Whenever we pray, we might pray for others, for the world, for rescue, for help, for justice, for direction. This is right and proper as we pray for the coming of God’s kingdom. However, whatever we might pray for, the primary object upon which our prayers have an effect is ourselves.
I would like to suggest that this is both the outcome of divine grace as well as divine wisdom. It is the outcome of divine grace because God gives us more than we ask for. We pray for God to address a situation over there but God graciously gives us more than we can ask or think and so he also addresses the situation within ourselves, for which he have not prayed.
However, it is also an act of divine providence. God recognises that we do not know how to pray as we ought.

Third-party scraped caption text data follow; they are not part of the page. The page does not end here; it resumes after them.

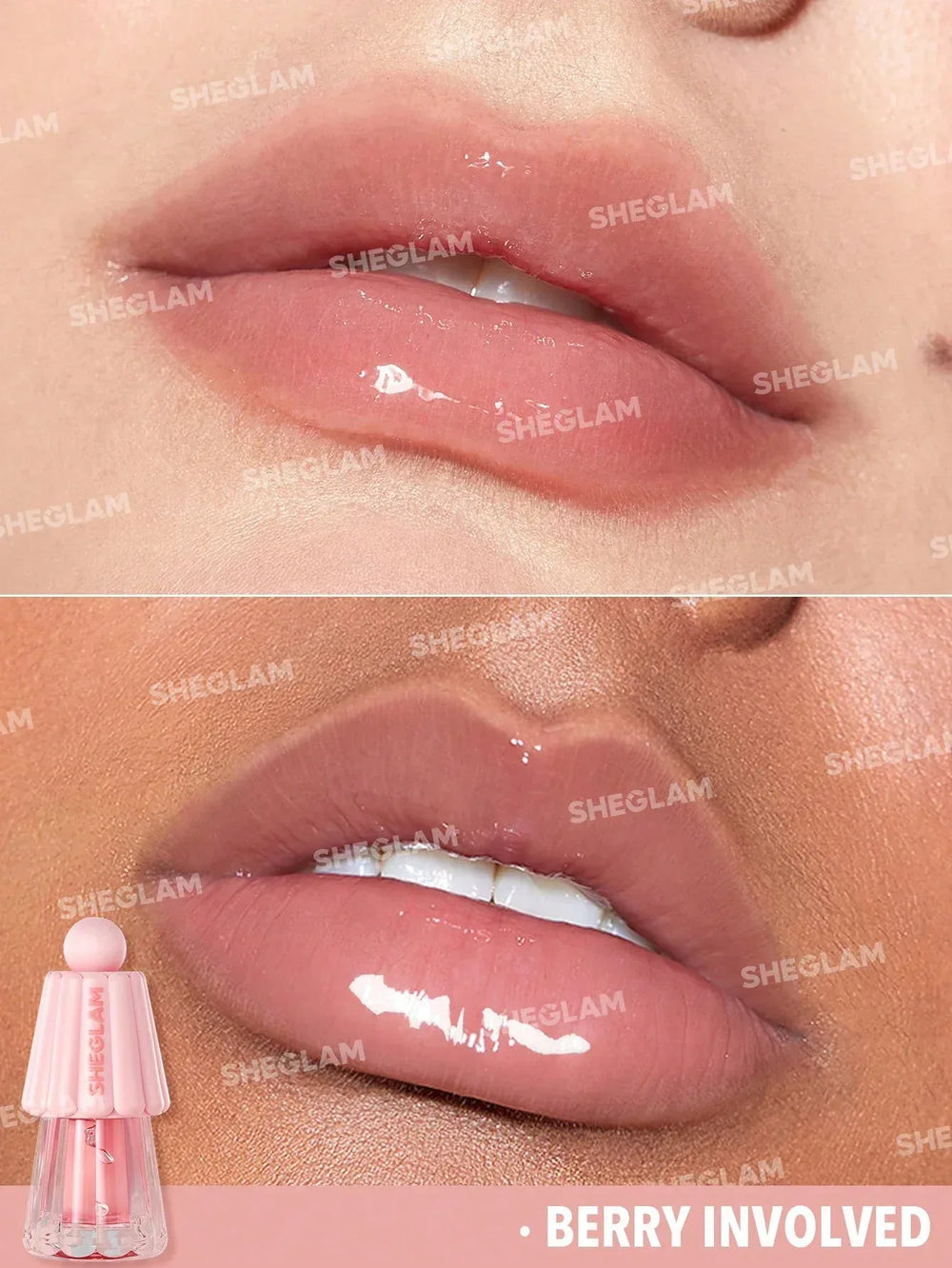 Sheglam- JELLY WOW HYDRATING LIP OIL-BERRY INVOLVED (NEW) - The Beauty League Pakistan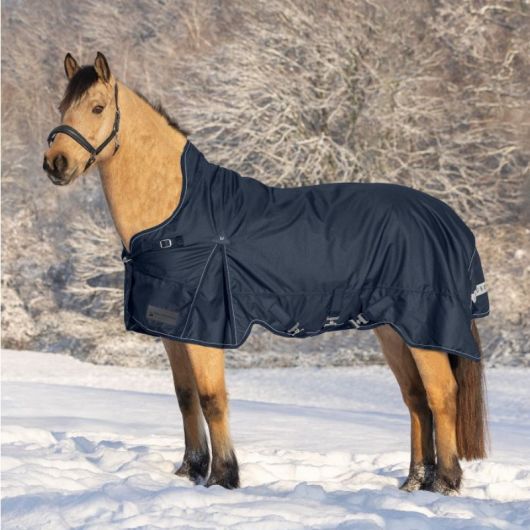 Couverture imperméable cheval Scandic high neck 0 g - Waldhausen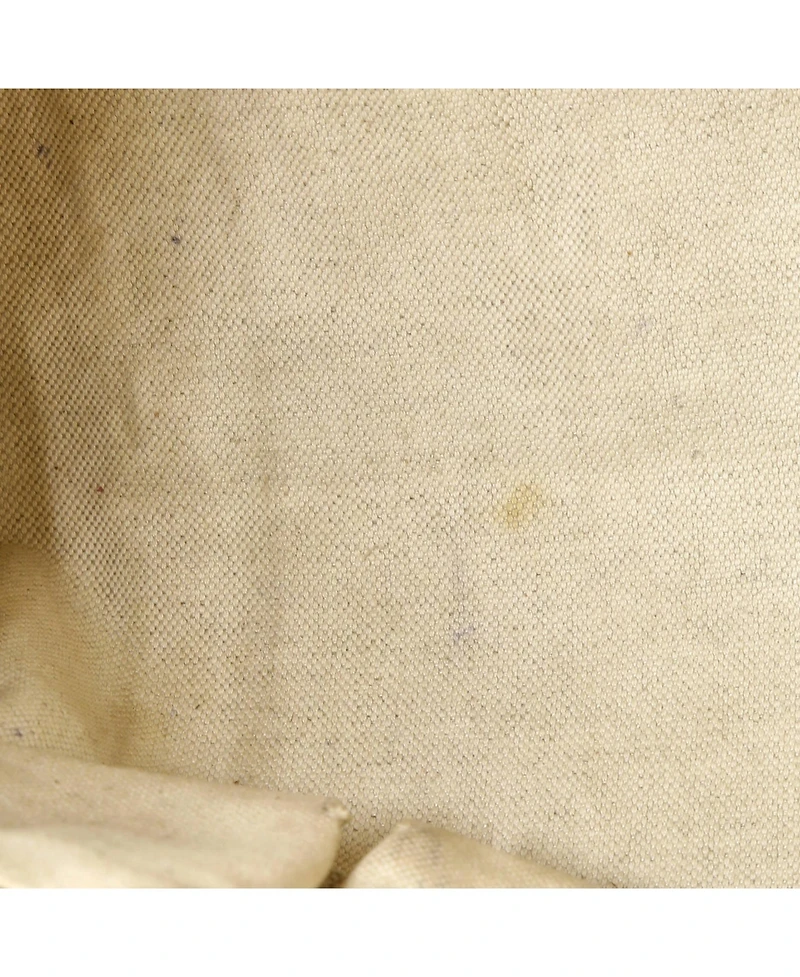 Pre-Owned Gucci Medium Vintage Web Boston Bag Leather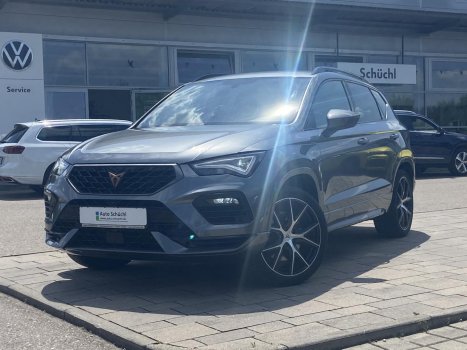 Cupra Ateca 2.0 TSI DSG 4-DRIVE BEATS+EL.SITZ+360-KAMERA+VIRTUAL-COCKPIT+NAVI-PRO+LED+FULL-LINK+PARKASSIST+DAB+BEATS+SHZ+GRA+KEYLESS 550264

So all too often when we pray ‘thy kingdom come’ what we really mean is ‘God please fix that problem over there.’ However, God recognises that the real issue lies within us, so God addresses the issue in me in order to address the issues about which I have concerns.
So when I pray that God will help my wife to be a better spouse to me, God answers that prayer by transforming my heart to make me a better husband. When we pray for God to change the world, the first thing that God does is to change us, so that we can change the world. When we pray for help the first thing that God does is to lift the scales from our eyes to remind us that he who is for us is greater than he that is against us. When we pray for divine retribution God changes our hearts so that we can contemplate divine forgiveness. When we pray for the Church to grow God gives us a passion for those who do not yet know
Jesus and the confidence to share the Good News of the gospel. In many ways, it hardly matters what we pray for, because the primary object upon which our prayers have an effect is ourselves. So if you don't want to change, I suggest that you stay well away from prayer, because serious, consistent and diligent prayer, will mess up your life!
However, this is precisely why we pray thy kingdom come, not only because we recognise that we do not know how to pray as we ought, but also because we can see that we are so easily blinded to those areas of our lives which are most in need of divine transformation. In praying ‘thy kingdom come’ not only do we invite God to have his way in his world, more crucially we invite god to have his way in us.